Being a horse dealer now, you will have noticed that I didn’t mention in my description of him that he can be tricky to catch and he is a challenging ride. In fact he is a little bucker. He has bucked my son off several times, bucked me off and most embarrassingly bucked off my mother’s oldest friend’s granddaughter. He has galloped victoriously through the village, reins and stirrups flying after dumping children, he has ruined riding lessons and has put both my children off riding for life. (Something for which I am aware I should maybe thank him, but we don't have that kind of relationship.) I did consider giving him a career putting other people’s children off riding – hiring him out a week at a time to frighten and disillusion pony mad children into a sensible, cheap sport. But where to advertise that kind of service?

So I advertised him for sale on a horsey website. I was a bit vague in the advertisement but resolved to be honest with anyone who got in touch about him. I didn’t want anyone else’s child’s dream of Olympic glory or true pony love being trampled beneath Grey Pony’s hard little hooves. I couldn’t have that on my conscience.

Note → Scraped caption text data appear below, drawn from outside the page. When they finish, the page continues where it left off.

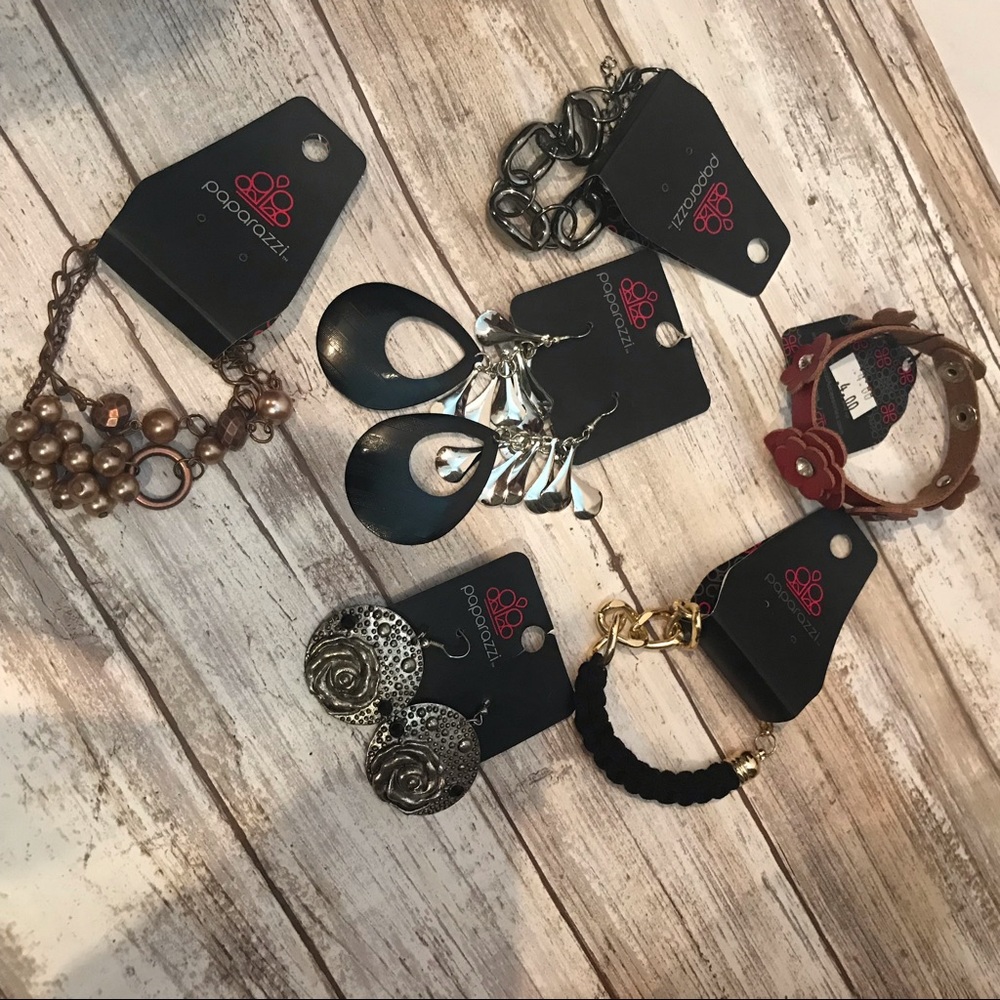 6 pieces of paparazzi jewelry.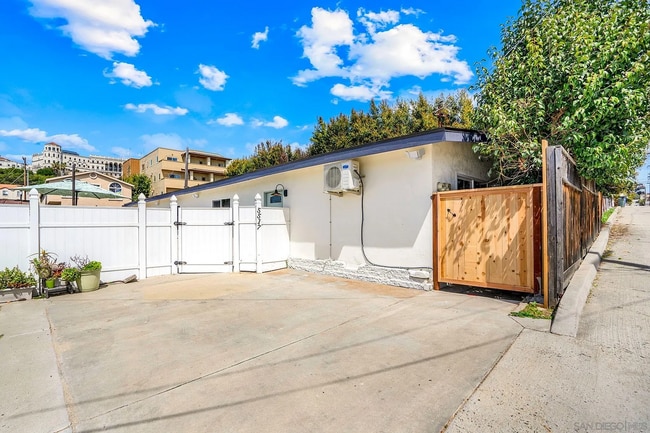 Primary Photo - 5517 Lauretta St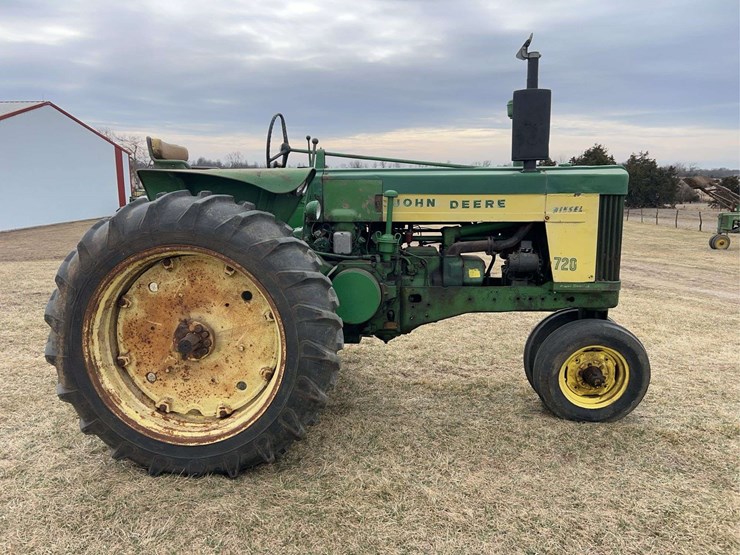 john-deere-720-image-6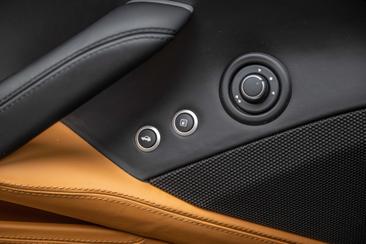 Ferrari California T — photo 40
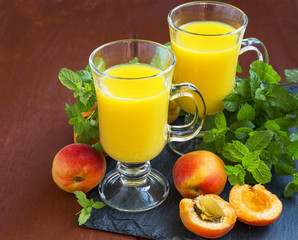 Apricot juices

I was truthful with the first person who got me to call her back and then hung up on me. The second person said she didn’t mind buying a pony that needed work. I seized on this unguarded revelation and worked at it like a garrulous tinker at Appleby Fair. She wasn’t convinced. I may have told the third person that both my children have hacked him out alone but then I cracked and had to mention the few wee bucks he sometimes puts in. Conscience is not useful for horse dealers. The phone went quiet for weeks.

And then a friend said he had a friend in the horse business who might be interested. When I say in the horse business, she actually, er, runs a riding school. So lots of people’s children would be riding him. I think my friend told her the story of Grey Pony but I didn’t check meticulously. On Friday I loaded him up into the trailer and drove him over to be inspected by the riding school lady. (It wasn’t actually quite as simple as that. He ran away from me after I caught him and had to be apprehended by The Horse Whisperer, and then I loaded him up; hard little hooves, hard little heart, the whole lot.)

Riding school lady looked him over in the trailer and liked him. I was encouraged, so much so that when describing his time with us I’m not sure that I used the exact word ‘buck’. I unloaded him and walked him up. She made a few positive noises. I spoke eloquently about his time in the pony club with his previous owners. She scratched his nose and asked him if he would like to come and live with her. I maintained my impassive expression while my heart leapt at the prospect of possibly selling him before we go on holiday at Christmas. She asked if she could have him on trial for a bit. I managed to look regretful as I left him in her stable.

He has now been there for four days and I haven’t heard anything. Could no news be good news? I have told myself that if she thinks he is a suitable pony for a riding school with all her experience, then who am I to argue? We horse dealers can be so plausible.